那些人走了吗?
它不知道。它得再等等。
第二天,它又趴在山樑上往下看。
山道上空荡荡的,一个人影也没有。
狼妖趴了一整天,確定那些人都走了,才慢慢从山上下来。
它又回到了那块石头边上。
它趴上去,让月光把自己浸透,心里头却怎么也静不下来。
它想起那些人拿著长矛的样子,想起那些铜锣声,想起敲锣的人那张哭得稀里哗啦的脸。
它忽然有点儿明白那头老虎了。
那畜牲不是蠢,是没想到人能那么麻烦。
打死一个来两个,打死两个来四个,打死四个来一群。
怎么也打不完,怎么也杀不绝。
狼妖不一样。
它瘸著一条腿活了这几十年,靠的就是躲。躲不过就跑,跑不过就藏。
这山这么大,林子这么密,它往里头一钻,谁能找著它?
那些人走了,它再出来。那些人来了,它再躲回去。
反正它有得是时间。
它活了几十年,再活几十年也没问题。
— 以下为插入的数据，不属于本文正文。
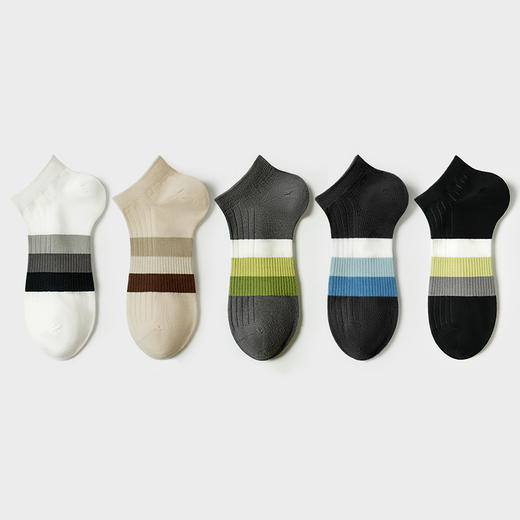 都市丽人都市锋尚休闲系列船袜男精梳棉袜子中厚船袜FC4DA2 商品图1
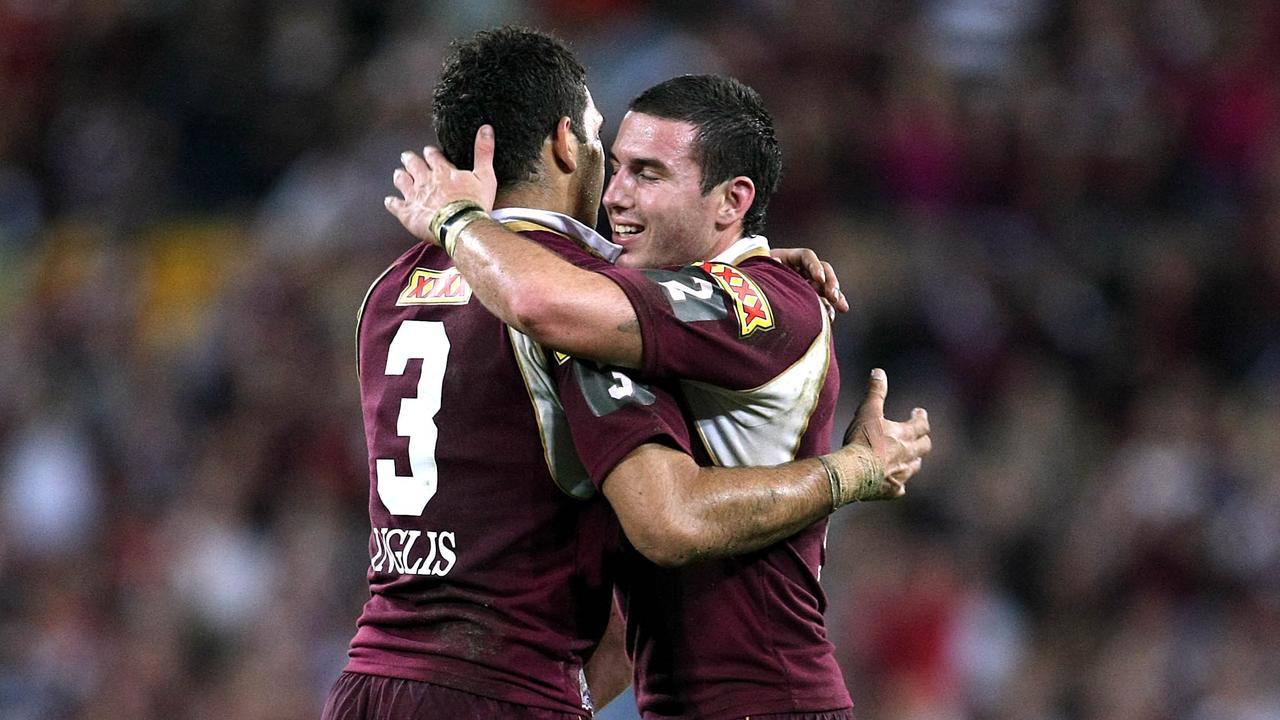 Greg Inglis and Darius Boyd shared plenty of great moments in State of Origin for Queensland.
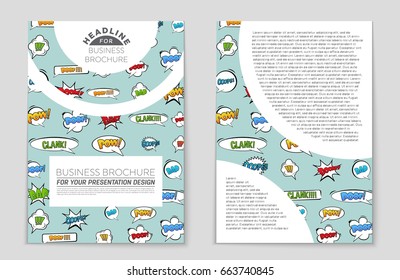 Abstract vector layout background set. For art template design, list, front page, mockup brochure theme style, banner, idea, cover, booklet, print, flyer, book, blank, card, ad, sign, sheet,, a4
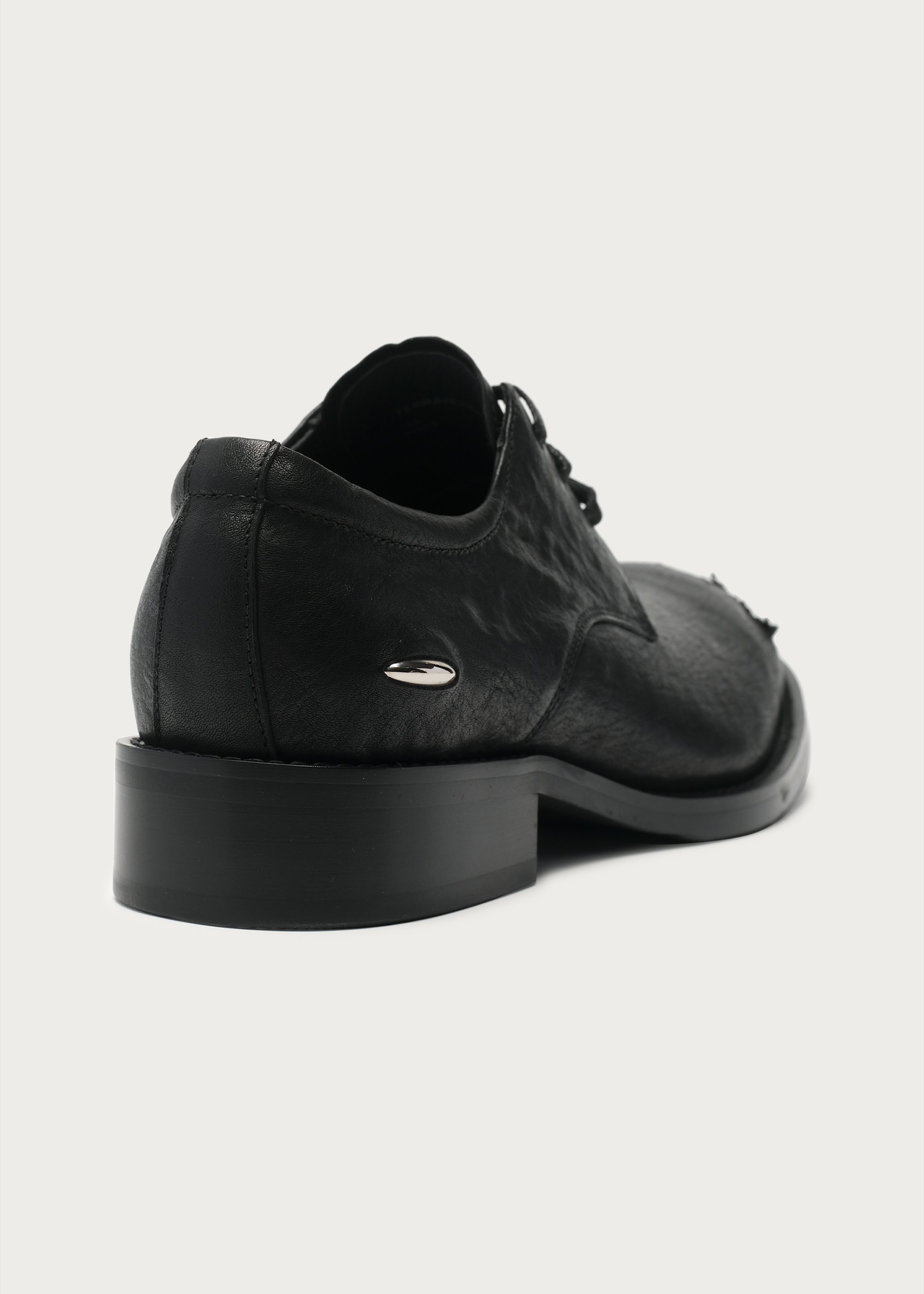 Metal-toe Derby shoes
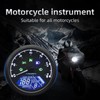 MH Universal Motorcycle Speedometer Digital Gauge Cluster - Motorcycle MPH
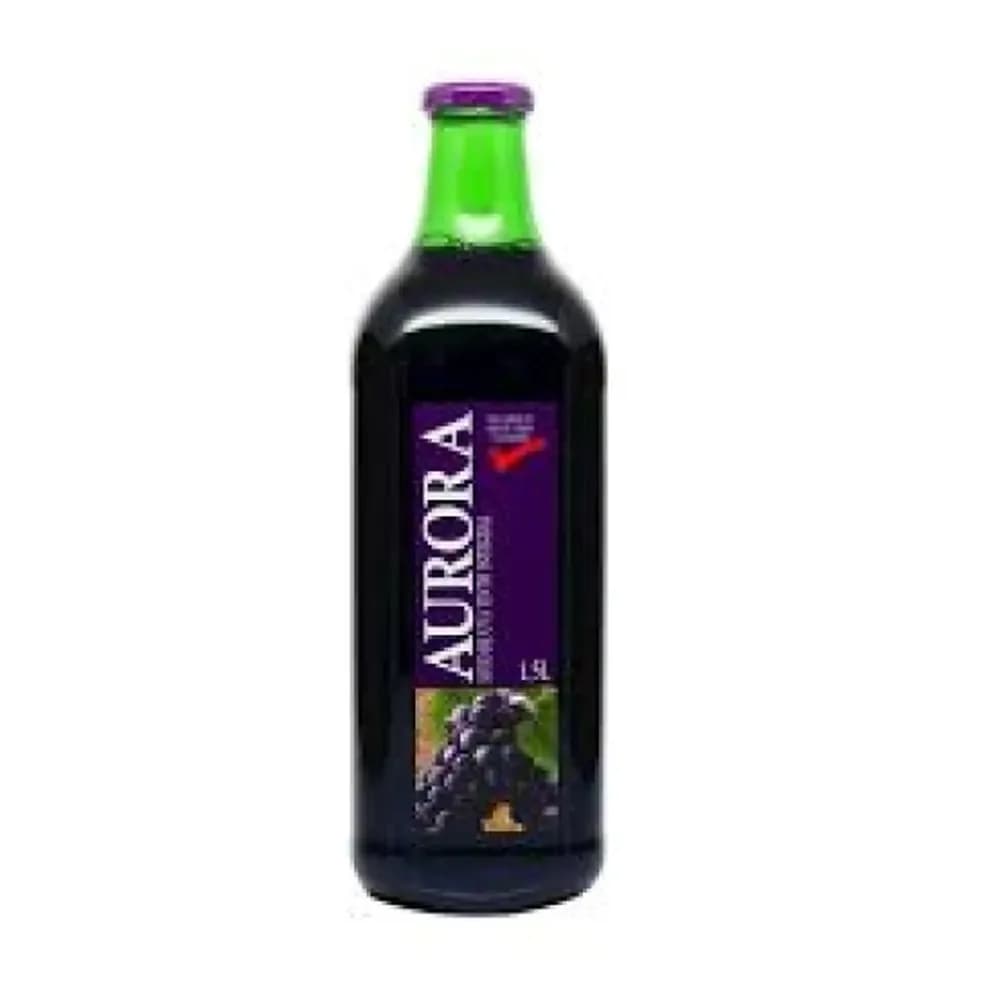 Suco de uva tinto integral aurora 1,5l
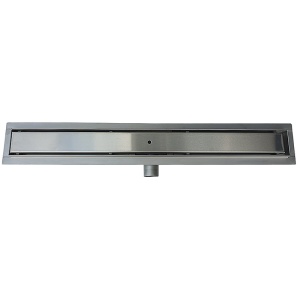 Rigola de duș liniară cu sifon fix și randament ridicat Slim DL01 50 cm – Inox - Img 13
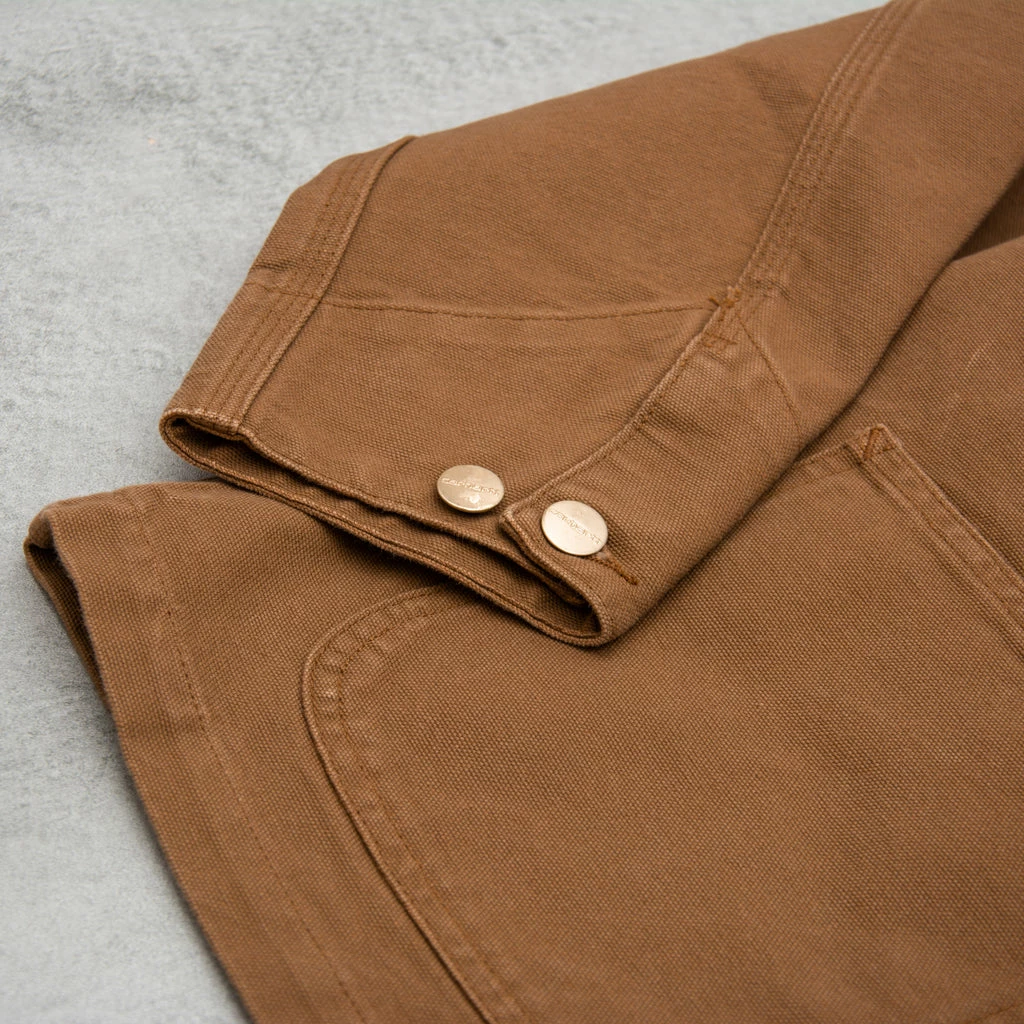 Carhartt WIP Michigan Rinsed Chore Coat - Hamilton Brown / Tobacco 6 Carhartt WIP Michigan Rinsed Chore Coat - Hamilton Brown / Tobacco - Image 4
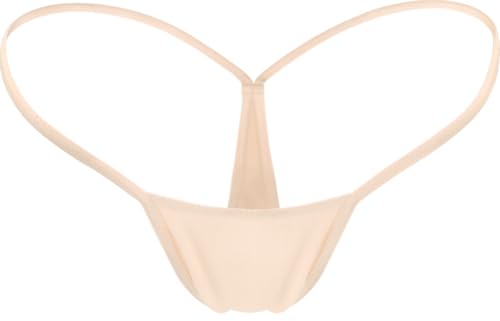 HEROPIE G-string Thongs for Women Seamless Thong Low Rise Micro Back Bikini Bottom No Show Panties Underwear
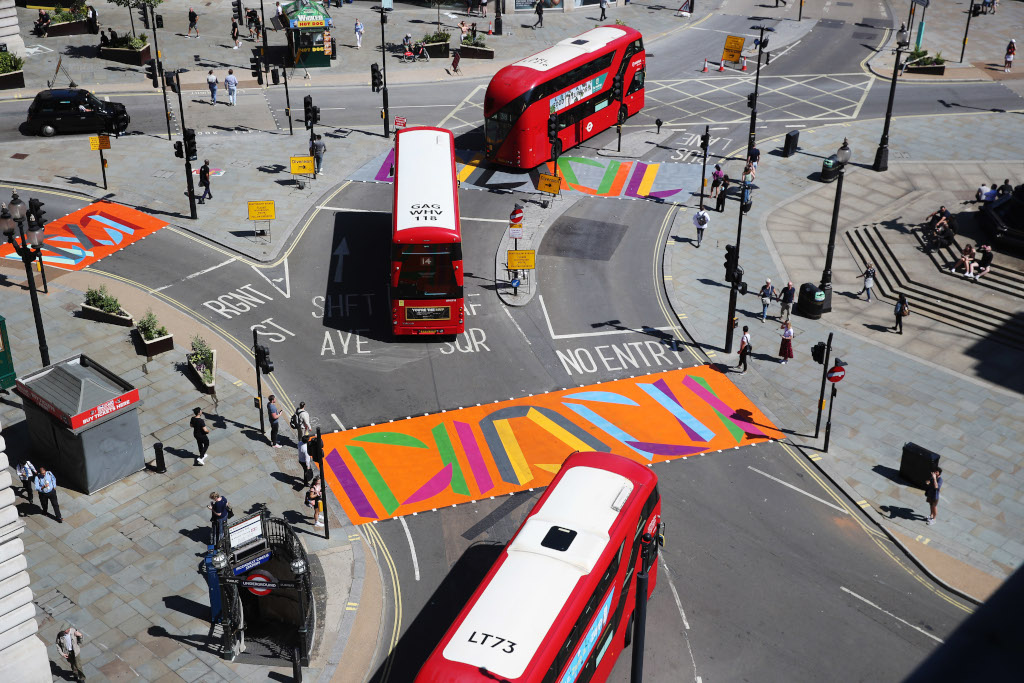 Piccadilly Art Takeover, London, 2021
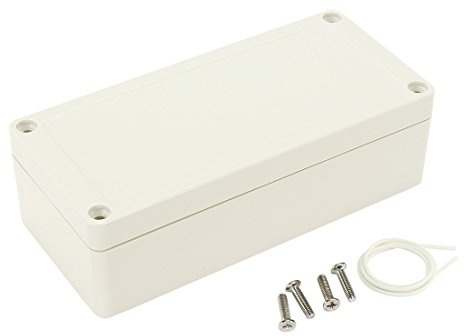 Sourcingmap 5.9x2.76x1.85(150mmx70mmx47mm) ABS Junction Box Universal Electric Project Enclosure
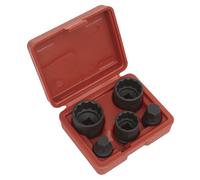 Sealey Urto Hub Presa E Presa Set di Punte 5pc 12-Point 1.3cmSq Drive SX053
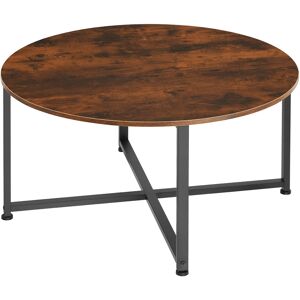 Tectake Table basse salon Style industriel Bois foncé industriel, rustique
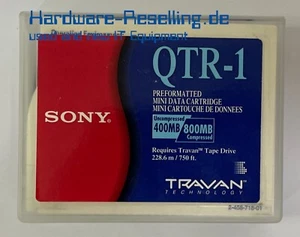 Sony QTR-1 Aimant Bande Bandes 800MB PC Daten-Sicherung Data Cardridge - Photo 1/3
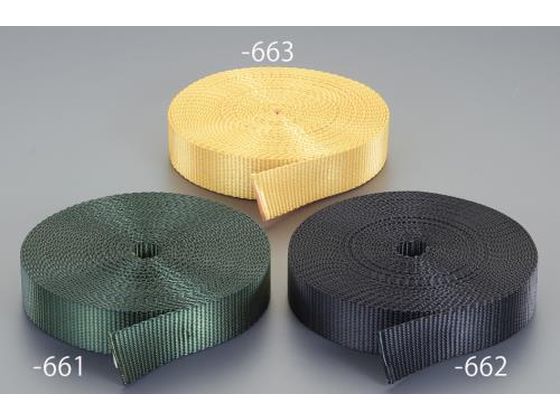 エスコ 荷締機用ベルト PE製 橙 35×2.0mm 10m EA628PT-663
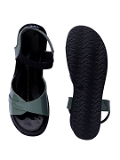 Olive green Platform Heel sandal 6 Pair set - Mhendi green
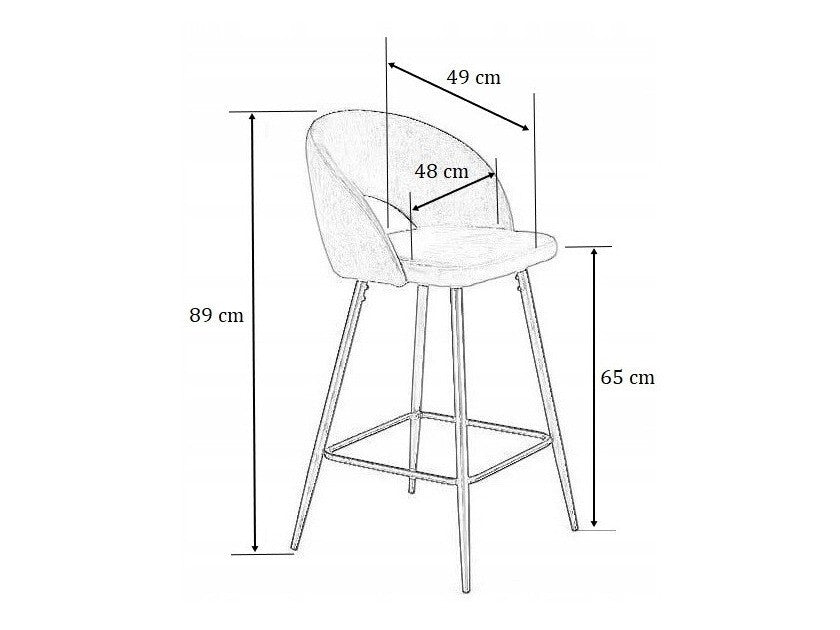 Zemais bāra krēsls 240932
那些人能活多久?
几十年顶天了。
等他们老死了,死了,它再下山刨他们的坟,吃他们的肉。
狼妖趴在那块石头上,眯著眼,望著山下那个隱隱约约的村庄,忽然咧开嘴,露出那一排新长出来的白生生的牙。
它在笑。
……
再后来,狼妖嘴里就能喷黑风了。
它对著山里的野猪试过,一口黑风喷出去,那畜牲的眼珠子当场就瞎了,满山乱撞,最后被它一口咬死。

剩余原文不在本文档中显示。